# Bike Riding



## Denise1952 (Dec 11, 2014)

*Bike Riding*
A priest was about to finish his tour of duty, and was leaving his mission in the jungle, where he had spent years teaching the natives in their own language, when he realized that the one thing he never taught them was how to speak English.​​So he took the chief for a walk in the forest. 

The priest pointed to a tree and said to the chief, "This is a tree." 

The chief looked at the tree and grunted, "Tree." 

The priest was pleased with the response. 

They walked a little further and the priest pointed to a rock and said, "This is a rock." 

The chief looked and grunted, "Rock." 

The priest was really getting enthusiastic about the results when he heard a rustling in the bushes. 

As they peeked over the top of the bushes, he saw a couple of natives in the midst of heavy ****** activity. 

The priest was really flustered and quickly said, "Man riding a bike." 

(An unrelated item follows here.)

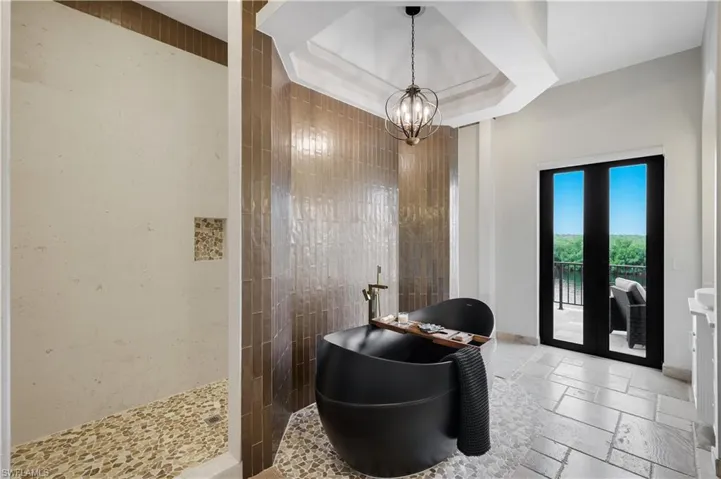 Full bath featuring stone tile floors, a chandelier, a soaking tub, a raised ceiling, and a walk in shower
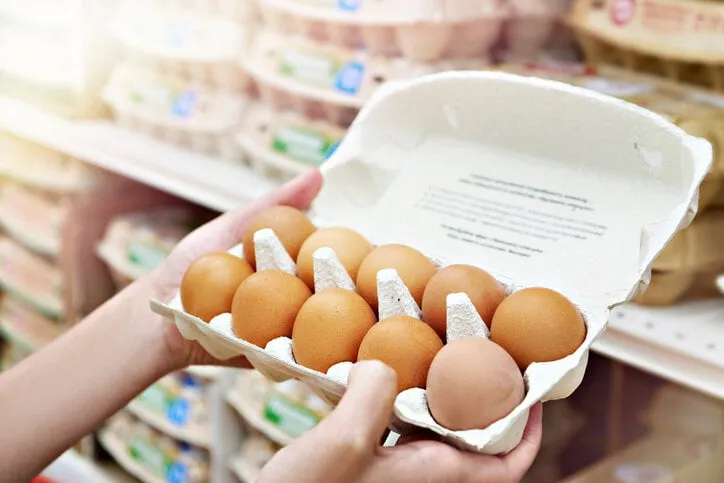 hands woman with packages of brown eggs in store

The chief looked at the couple briefly, pulled out his blowgun and killed them both. The priest went ballistic and yelled at the chief that he had spent years teaching the tribe how to be civilized and be kind to each other, so how could he kill these people in cold blood that way? 
>
>

>
>
>


And the chief replied, "My  bike."


----------



## Pappy (Dec 11, 2014)

OMG... Love it.:lofl:

I don't know if I can ride my bike in the morning after reading this.


----------



## Denise1952 (Dec 11, 2014)

It's just like having sex, it will all come back to you Pappy, LOL


----------



## Cookie (Dec 11, 2014)

Thanks for the laugh Denise - I needed that.


----------



## Pappy (Dec 11, 2014)

Sex, Denise? :dunno:Had to google that.


----------



## Denise1952 (Dec 11, 2014)

LOL, I'm speechless Pappy, LOL!!  Just ride your bike, LOL!


----------